He warned against forming a neutral government without the approval of the political parties – an option held out by Sleiman if no agreement is reached on an all-embracing Cabinet.
The Future bloc renewed its demand for forming a new Cabinet whose members do not belong to political parties.
In a statement after its weekly meeting chaired by Siniora, the bloc again called on Sleiman and Salam to form “a nonpartisan Cabinet in order to open the road for the needed breakthroughs and clear the way for it to deal with Lebanon’s worsening and urgent security, economic and social problems.”
“The other contentious issues can be referred to the National Dialogue table,” the bloc said in a clear reference to the divisive issues of Hezbollah’s arms and the party’s military intervention in Syria on the side of President Bashar Assad’s forces.
The Maronite bishops also called for forming a new Cabinet capable of facing the serious security challenges threatening Lebanon.
In a statement following their monthly meeting chaired by Maronite Patriarch Beshara Rai in Bkirki, the bishops urged the feuding parties to protect citizens from the wave of car bombings that struck Lebanon recently.
“Lebanon is poised for a constitutional event, the election of a new president.
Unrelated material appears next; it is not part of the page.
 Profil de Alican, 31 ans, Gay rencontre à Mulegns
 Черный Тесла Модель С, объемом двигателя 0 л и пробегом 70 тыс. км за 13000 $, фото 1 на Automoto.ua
The bishops appeal to political leaders and all deputies to shoulder their responsibilities and speed up the formation of a government capable of facing the current challenges,” the bishops said.
U.N. Special Coordinator for Lebanon Derek Plumbly said after meeting Salam that the international community was keenly interested in the formation of an effective government in Lebanon.
“Lebanon is passing through a dangerous time and the security, humanitarian and economic challenges are very great,” he said, urging the rival parties to engage positively with Salam to facilitate the Cabinet formation.